According to Counselor Rocio Casillas, this is the situation for a lot of undocumented students due to the fact that tuition is so high.

“Without some financial support from the government, many students are unable to afford to continue their education,” Casillas said.

Gov. Jerry Brown signed part of the bill for the DREAM (Development, Relief and Education of Alien Minors) act on July 25, which will fund undocumented students to continue their education at a college or a university.

Undocumented students will receive privately funded scholarships to attend a school of their choice, under the DREAM act law.

Business major Juan Lopez believes that undocumented students should received aid, but only if they are willing to work for it by studying hard and proving that they deserve it.

Nursing major Brenda Ovando states that, “It is fair for them (undocumented students) to receive help, because everybody deserves to get help from the government.”

Photography major Manuel Bravo agrees that the DREAM act should be passed since it will help the students that really want to continue their education get the resources required to earn a degree.

Biology major Yana Tingabngab, expresses that immigrants come from a country where they don’t have all the suitable recourses to provide their youth with the needed tools to continue on to be productive leaders of society.
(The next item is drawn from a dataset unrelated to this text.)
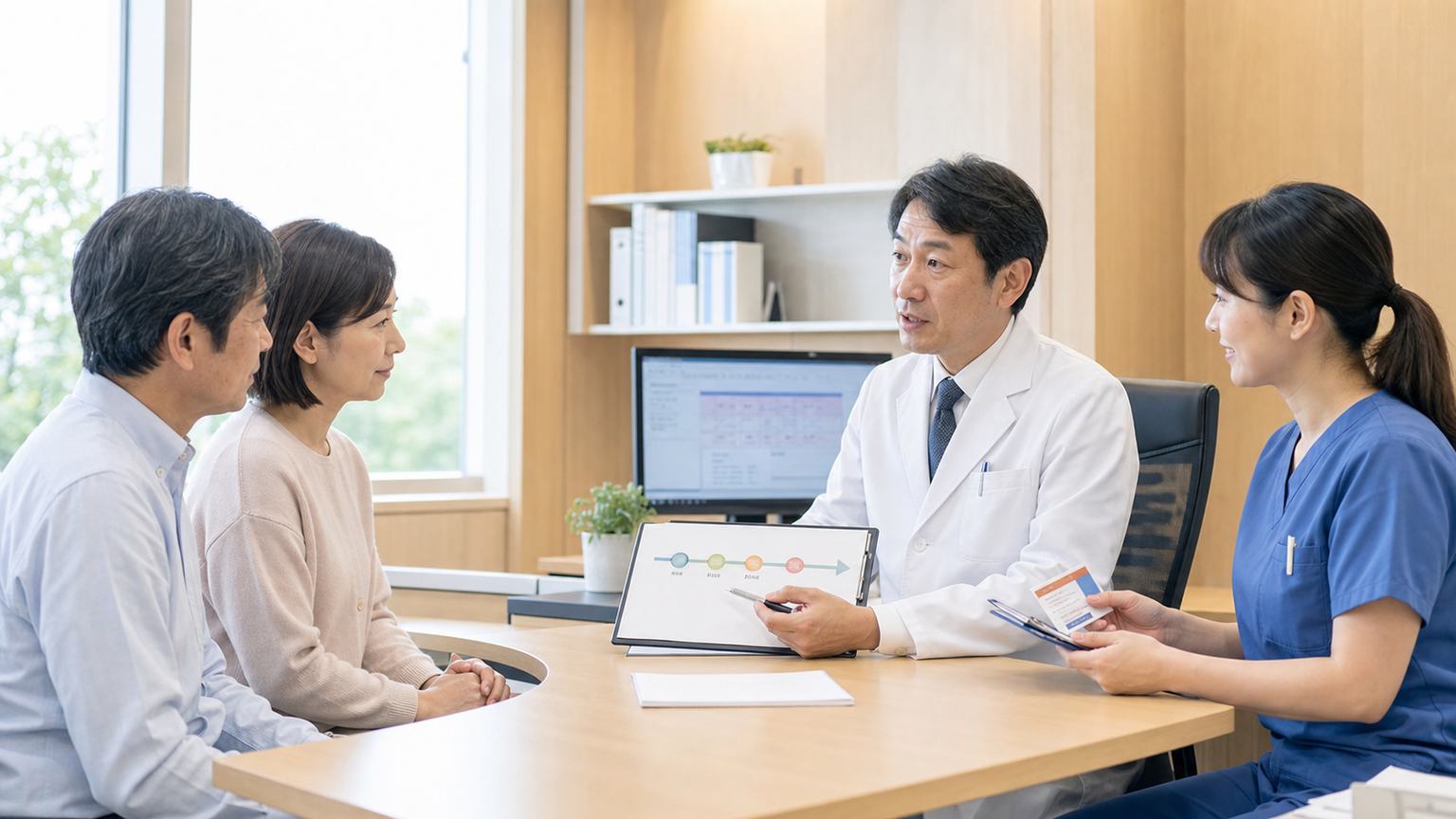 胃がんリンパ節転移の治療と症状緩和について患者・家族が相談する場面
Students who are eligible to obtain these benefits if passed, must have entered the United States before the age of 16, must have completed high school or obtain a GED and must have good moral character.

Not everyone on campus agrees that the law should pass. Automotive major Justin Levelagston disagree with the law because he states that California is in debt and cannot afford it.

“With all the college budget cuts, it’s hard for students to get classes, and a whole list of students cannot graduate,” Levelagston said.

Art major Steve Gibbons also believes that the law would not be fair to California residents. “Right now we’re in debt crisis,“ Gibbons said, ”I think it would make it (the crisis) worse because we have problems of our own and we don’t have time to figure out other peoples’ problems.”